(Required work)
In the entries below, begin at the line that has "CENTER SLASH KAMEEZ", stop after the line that has "White wooden bathroom", and output those lines exactly with no pictures.

(Input)
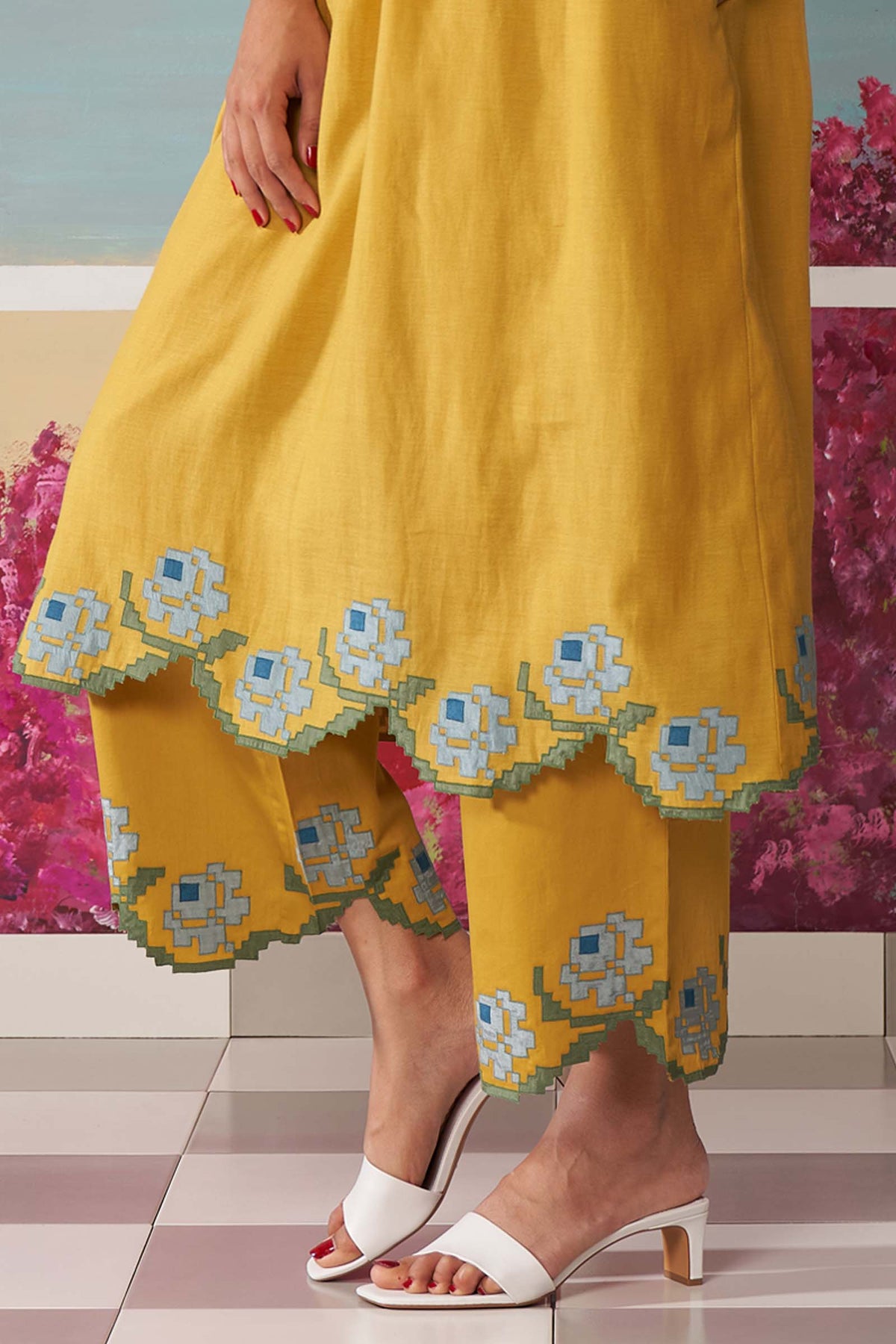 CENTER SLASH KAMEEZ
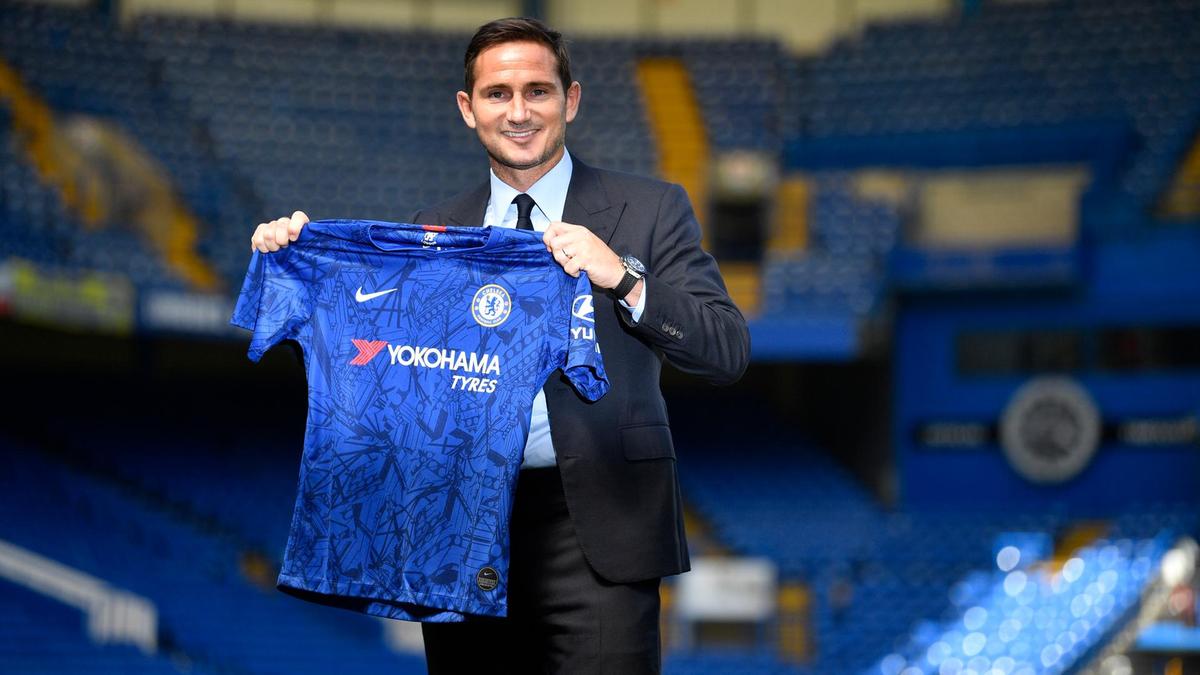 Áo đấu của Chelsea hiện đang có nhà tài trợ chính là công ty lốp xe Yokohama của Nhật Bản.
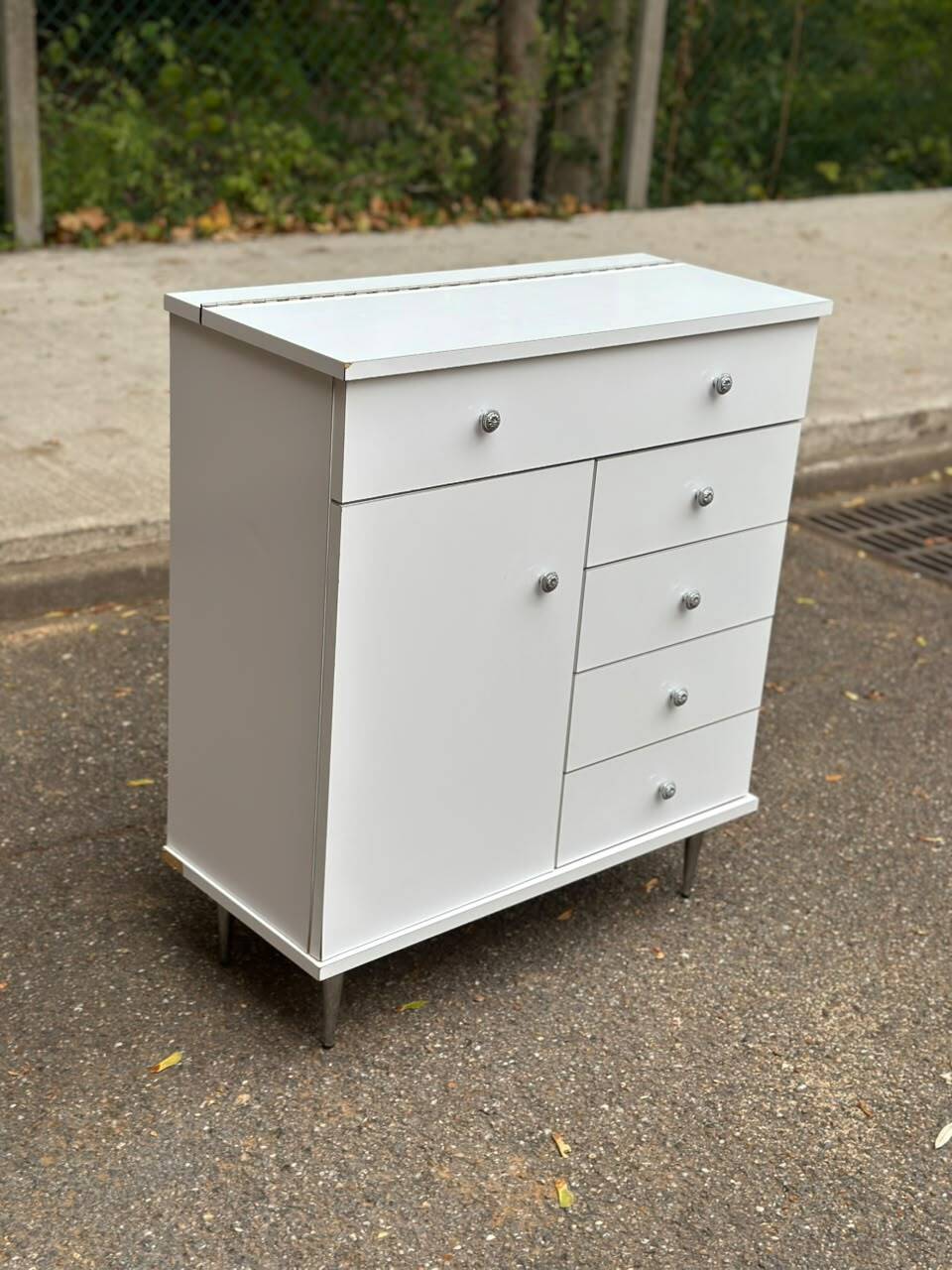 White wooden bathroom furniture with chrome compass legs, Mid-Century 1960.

* * *

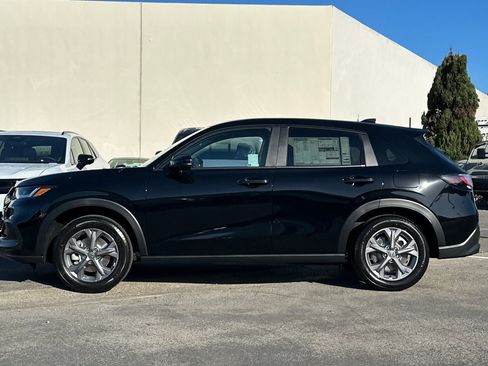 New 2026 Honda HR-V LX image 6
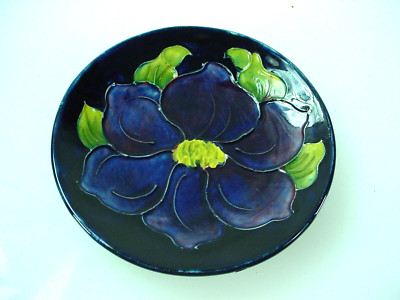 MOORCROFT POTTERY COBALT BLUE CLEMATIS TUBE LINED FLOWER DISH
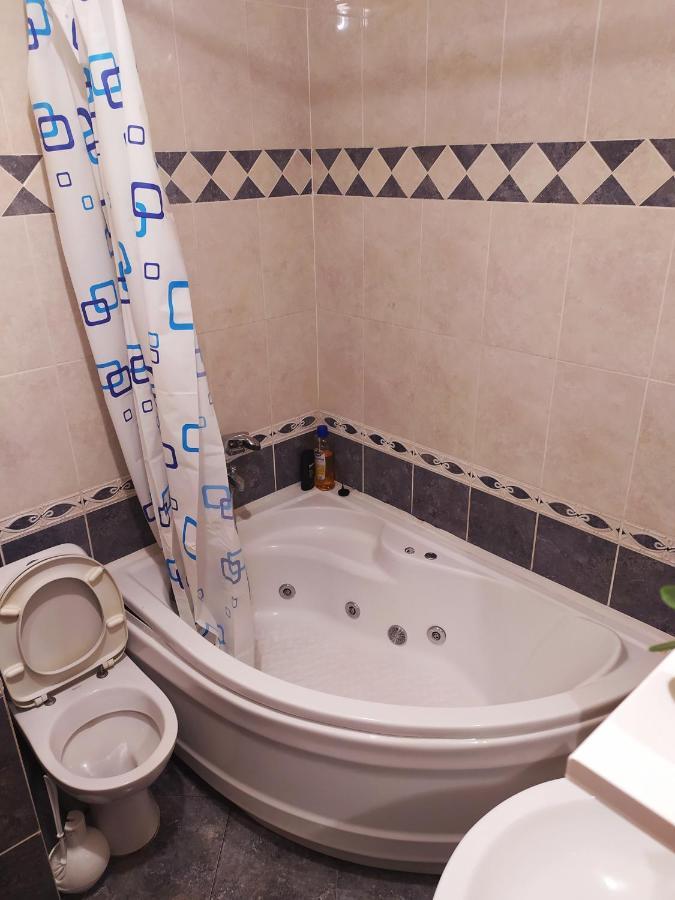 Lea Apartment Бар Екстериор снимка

==

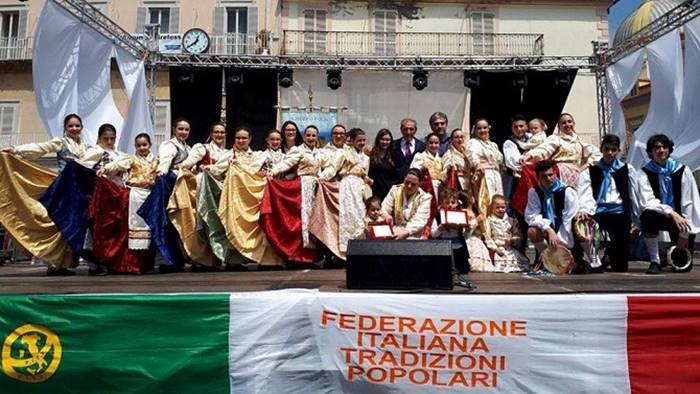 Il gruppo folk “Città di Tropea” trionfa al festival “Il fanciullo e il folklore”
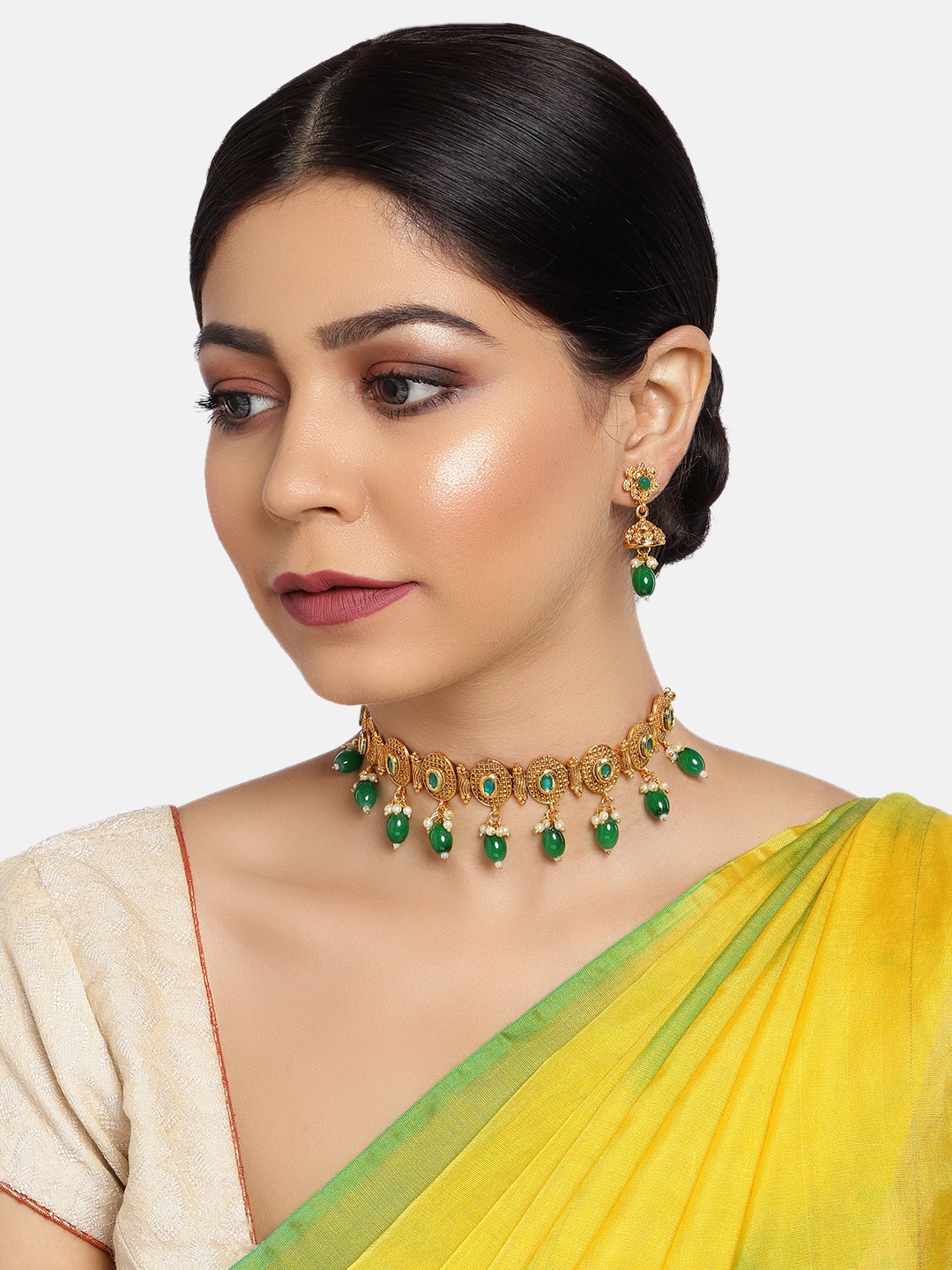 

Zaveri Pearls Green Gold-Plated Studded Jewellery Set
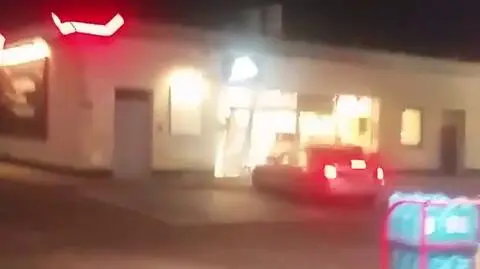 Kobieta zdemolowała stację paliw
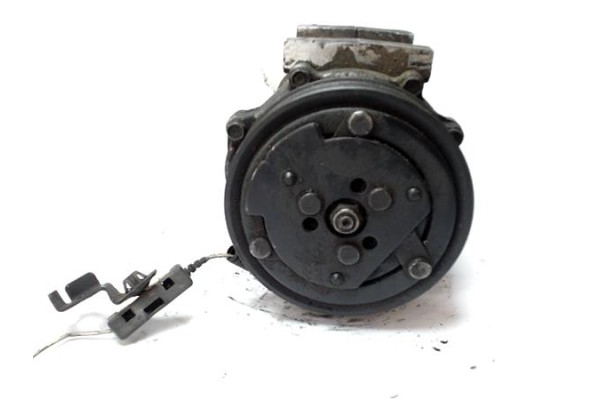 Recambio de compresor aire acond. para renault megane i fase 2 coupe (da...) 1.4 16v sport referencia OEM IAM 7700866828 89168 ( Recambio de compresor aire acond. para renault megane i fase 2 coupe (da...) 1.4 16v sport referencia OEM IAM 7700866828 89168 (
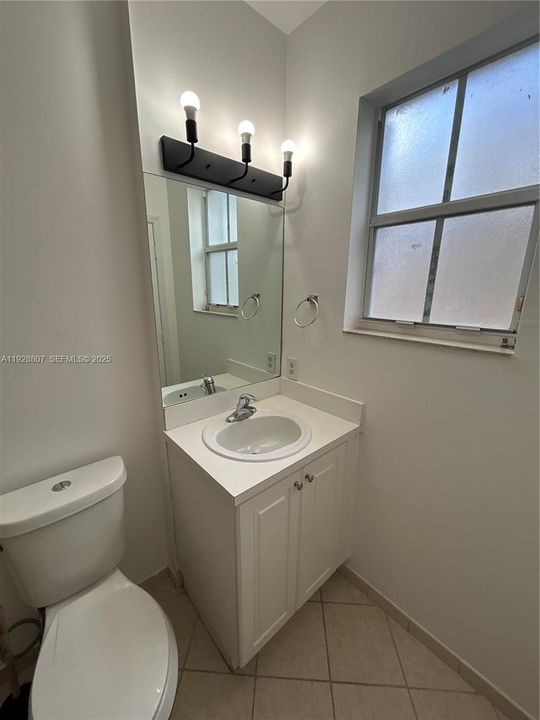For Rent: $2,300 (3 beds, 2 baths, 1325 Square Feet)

(Task solution)
 CENTER SLASH KAMEEZ
 Áo đấu của Chelsea hiện đang có nhà tài trợ chính là công ty lốp xe Yokohama của Nhật Bản.
 White wooden bathroom furniture with chrome compass legs, Mid-Century 1960.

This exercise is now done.